PROBLEM TO WORK ON: Give every entry below again, exactly as written, and skip the images.

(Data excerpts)

★ ★ ★ ★ ★

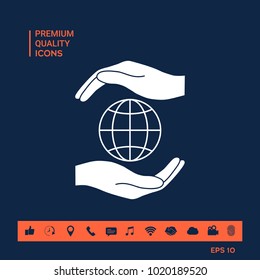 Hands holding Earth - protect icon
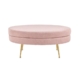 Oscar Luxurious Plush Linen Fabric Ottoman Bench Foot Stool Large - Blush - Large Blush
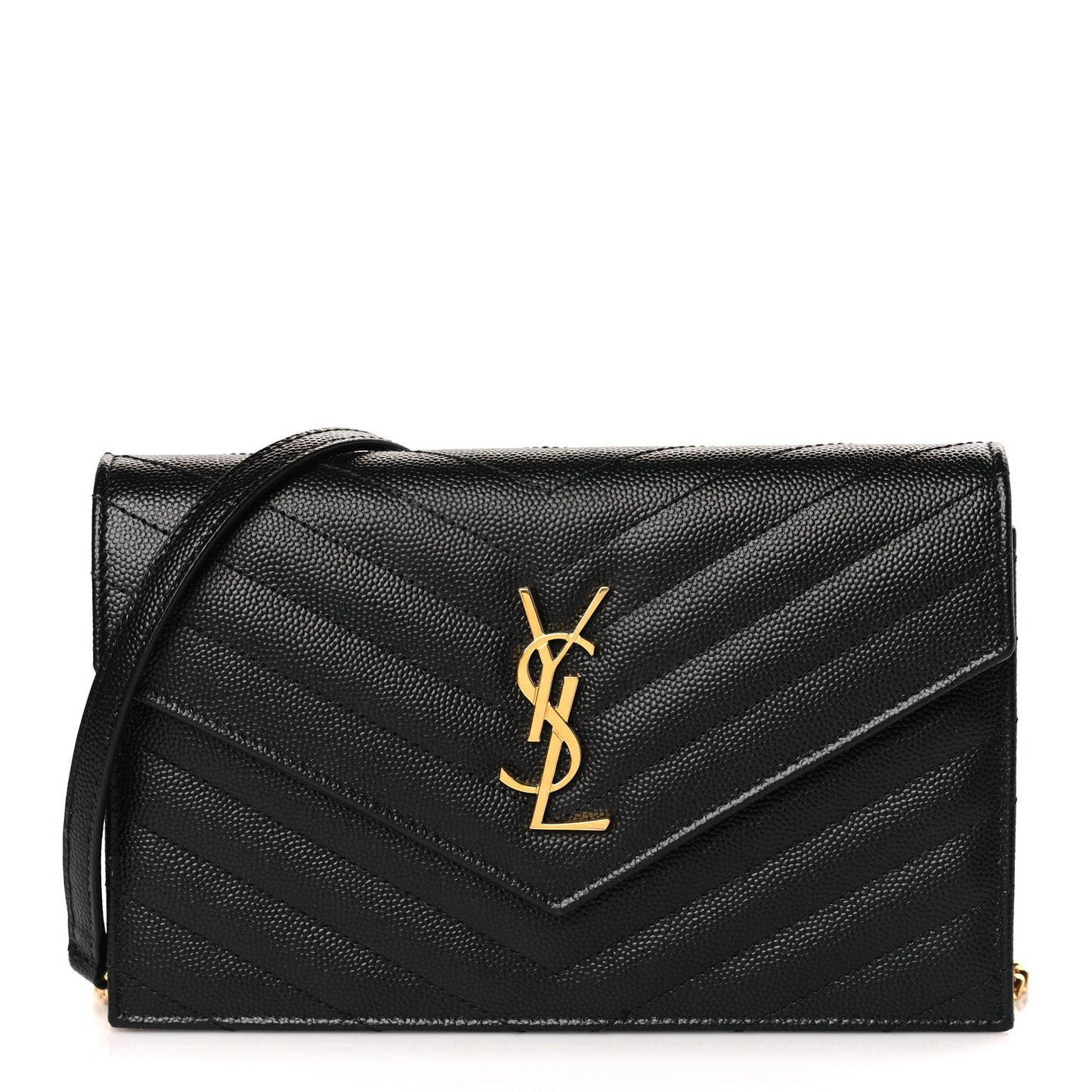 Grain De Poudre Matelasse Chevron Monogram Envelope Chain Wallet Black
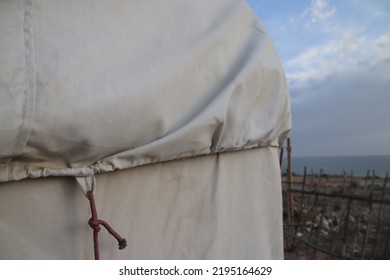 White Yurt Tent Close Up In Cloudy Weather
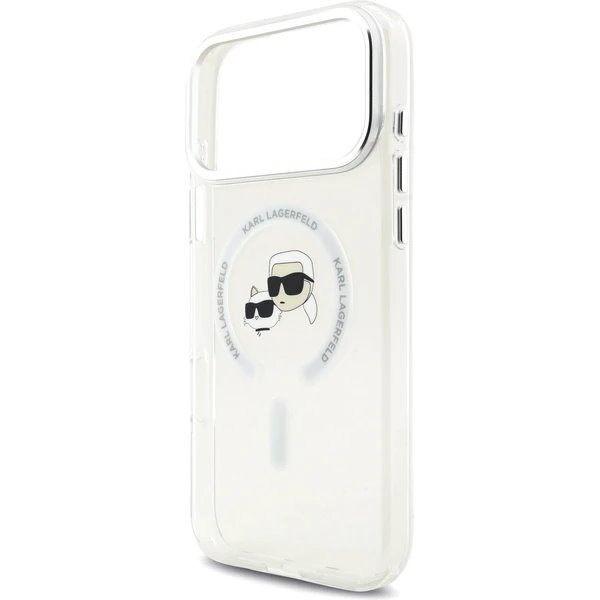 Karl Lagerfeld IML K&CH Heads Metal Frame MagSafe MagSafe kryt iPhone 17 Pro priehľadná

★ ★ ★ ★ ★

RESPONSE AREA:
 Hands holding Earth - protect icon
 Oscar Luxurious Plush Linen Fabric Ottoman Bench Foot Stool Large - Blush - Large Blush
 Grain De Poudre Matelasse Chevron Monogram Envelope Chain Wallet Black
 White Yurt Tent Close Up In Cloudy Weather
 Karl Lagerfeld IML K&CH Heads Metal Frame MagSafe MagSafe kryt iPhone 17 Pro priehľadná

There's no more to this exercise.